#### TASK REQUIREMENTS
Copy all the lines of the listing below exactly. Skip the images.

#### RECORD EXCERPTS

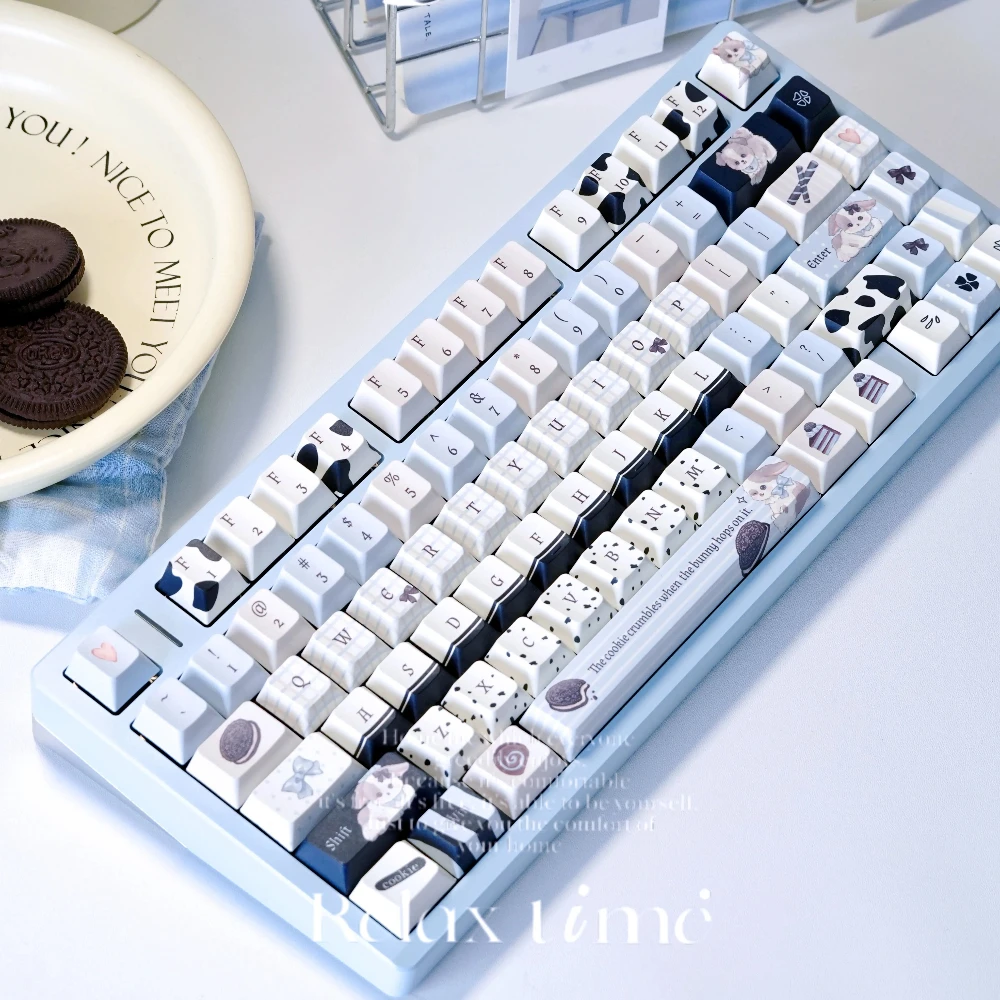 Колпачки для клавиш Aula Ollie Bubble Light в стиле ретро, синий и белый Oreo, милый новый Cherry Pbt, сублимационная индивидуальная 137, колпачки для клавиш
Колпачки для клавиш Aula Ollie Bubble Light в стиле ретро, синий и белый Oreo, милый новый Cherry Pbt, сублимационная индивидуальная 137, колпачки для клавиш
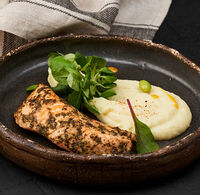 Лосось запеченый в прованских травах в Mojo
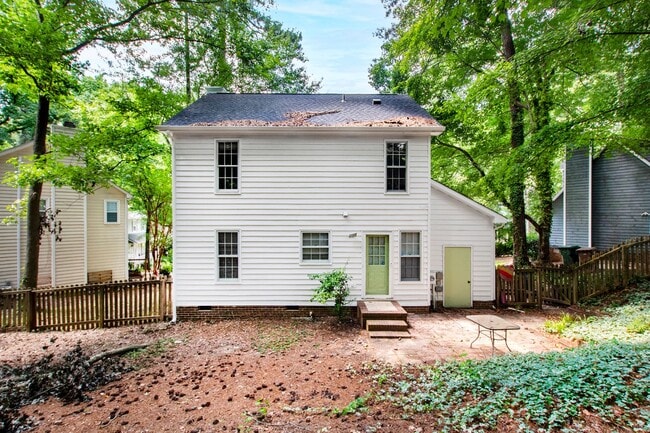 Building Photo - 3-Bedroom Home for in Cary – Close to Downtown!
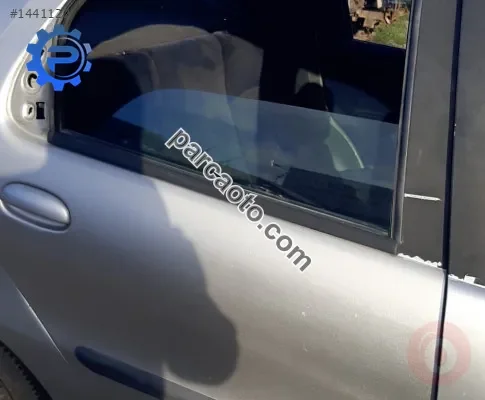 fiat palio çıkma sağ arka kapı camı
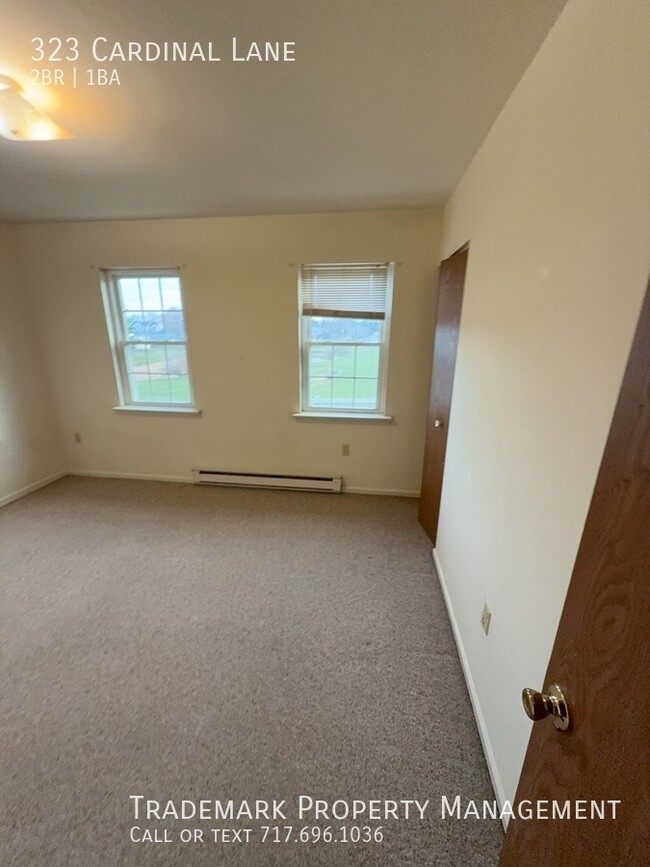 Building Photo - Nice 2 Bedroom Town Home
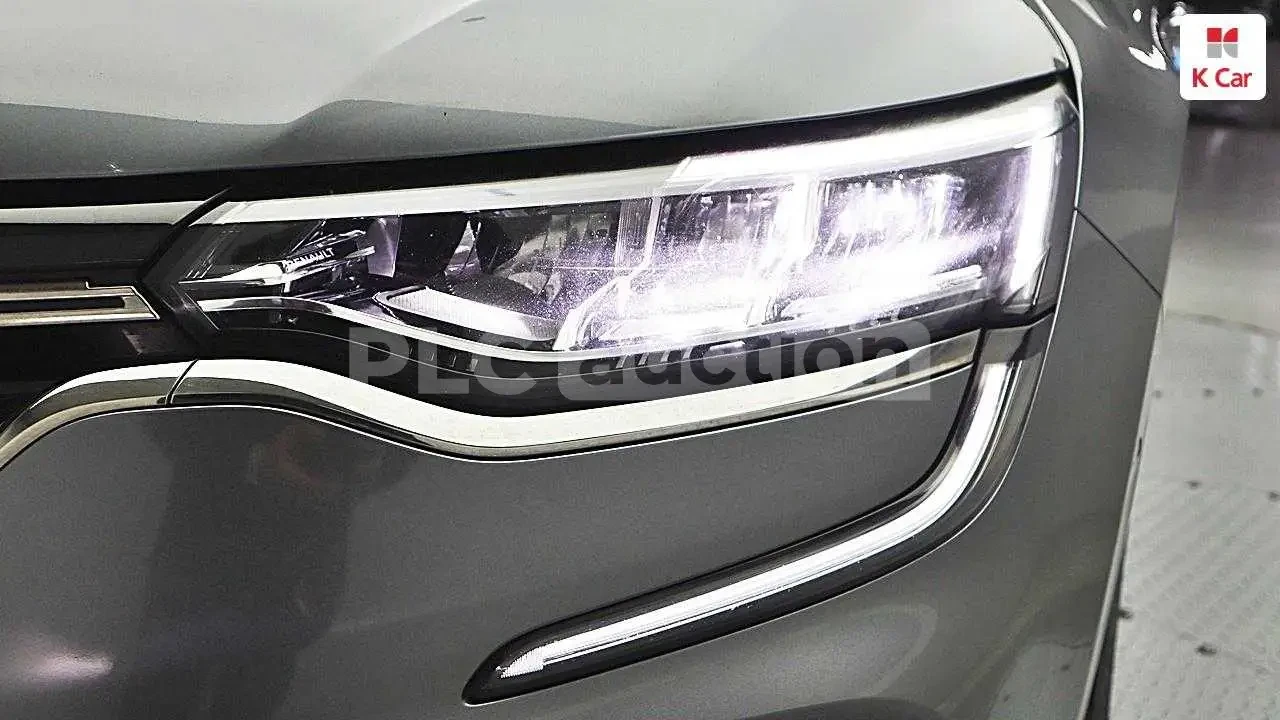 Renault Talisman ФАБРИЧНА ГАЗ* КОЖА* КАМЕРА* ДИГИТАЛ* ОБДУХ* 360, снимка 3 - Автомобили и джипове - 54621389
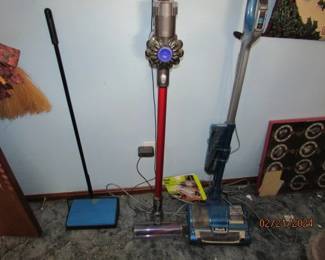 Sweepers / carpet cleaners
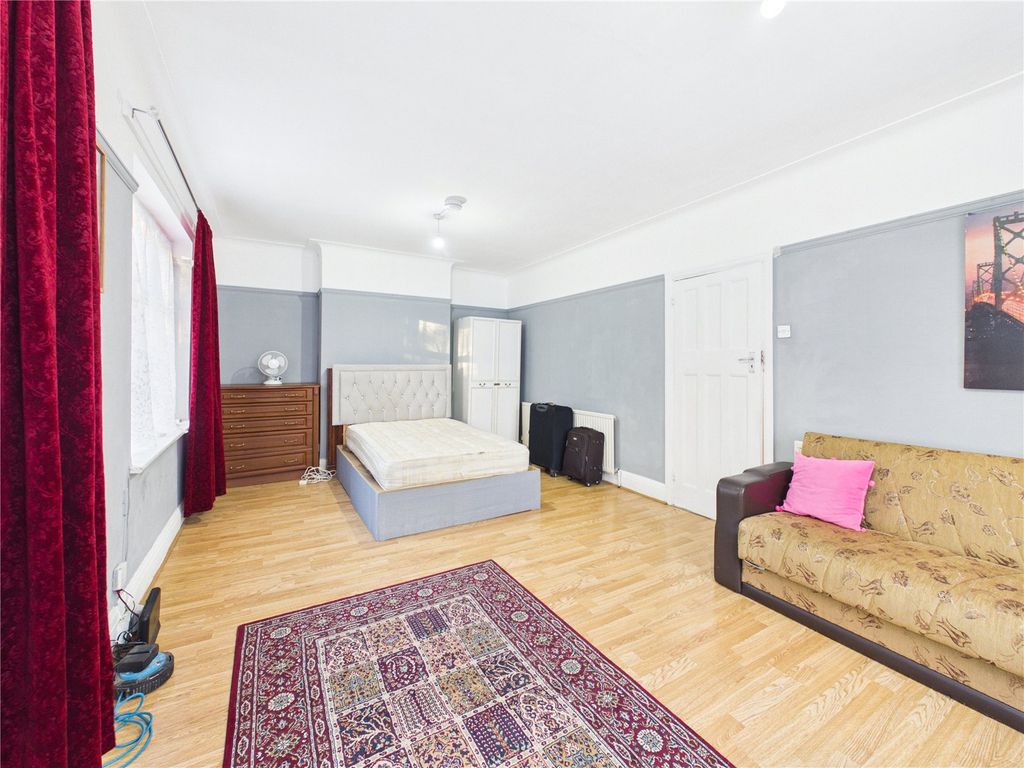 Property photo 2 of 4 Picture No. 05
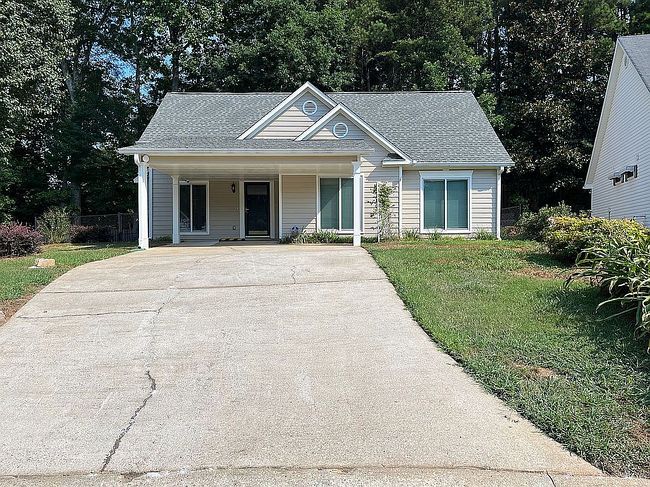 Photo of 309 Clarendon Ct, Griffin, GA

#### ANSWER TO THIS EXERCISE
 Колпачки для клавиш Aula Ollie Bubble Light в стиле ретро, синий и белый Oreo, милый новый Cherry Pbt, сублимационная индивидуальная 137, колпачки для клавиш
Колпачки для клавиш Aula Ollie Bubble Light в стиле ретро, синий и белый Oreo, милый новый Cherry Pbt, сублимационная индивидуальная 137, колпачки для клавиш
 Лосось запеченый в прованских травах в Mojo
 Building Photo - 3-Bedroom Home for in Cary – Close to Downtown!
 fiat palio çıkma sağ arka kapı camı
 Building Photo - Nice 2 Bedroom Town Home
 Renault Talisman ФАБРИЧНА ГАЗ* КОЖА* КАМЕРА* ДИГИТАЛ* ОБДУХ* 360, снимка 3 - Автомобили и джипове - 54621389
 Sweepers / carpet cleaners
 Property photo 2 of 4 Picture No. 05
 Photo of 309 Clarendon Ct, Griffin, GA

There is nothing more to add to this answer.